DATA BELOW>
—————

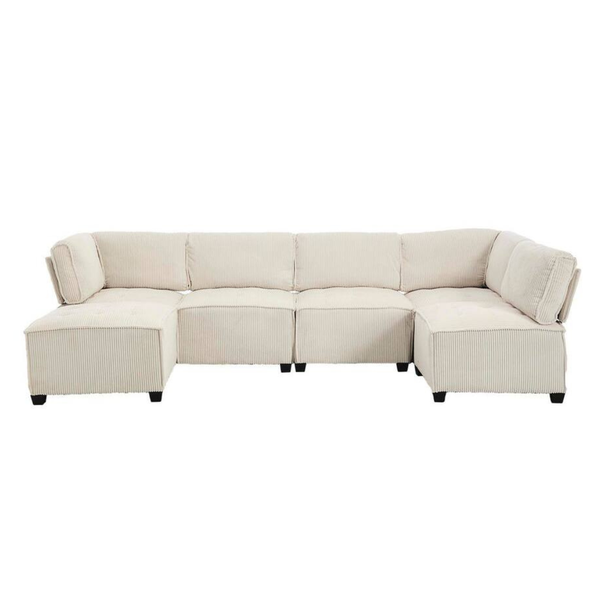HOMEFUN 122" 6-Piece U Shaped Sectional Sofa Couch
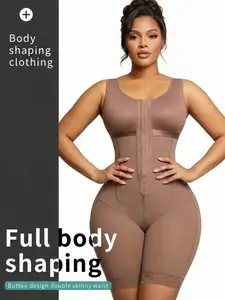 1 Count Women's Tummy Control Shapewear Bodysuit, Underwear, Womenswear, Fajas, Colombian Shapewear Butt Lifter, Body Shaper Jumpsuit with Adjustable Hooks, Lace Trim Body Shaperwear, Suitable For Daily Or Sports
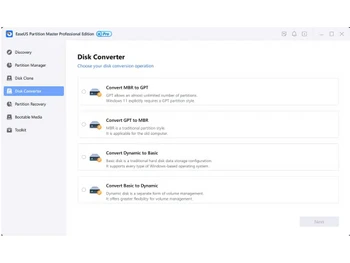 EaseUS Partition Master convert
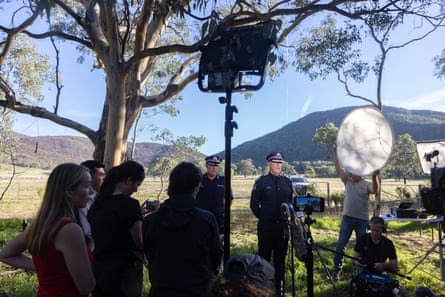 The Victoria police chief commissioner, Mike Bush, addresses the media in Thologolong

—————

PROBLEM DESCRIPTION> Everything in the material must be duplicated exactly, except the pictures.

YOUR RESPONSE>
HOMEFUN 122" 6-Piece U Shaped Sectional Sofa Couch
 1 Count Women's Tummy Control Shapewear Bodysuit, Underwear, Womenswear, Fajas, Colombian Shapewear Butt Lifter, Body Shaper Jumpsuit with Adjustable Hooks, Lace Trim Body Shaperwear, Suitable For Daily Or Sports
 EaseUS Partition Master convert
 The Victoria police chief commissioner, Mike Bush, addresses the media in Thologolong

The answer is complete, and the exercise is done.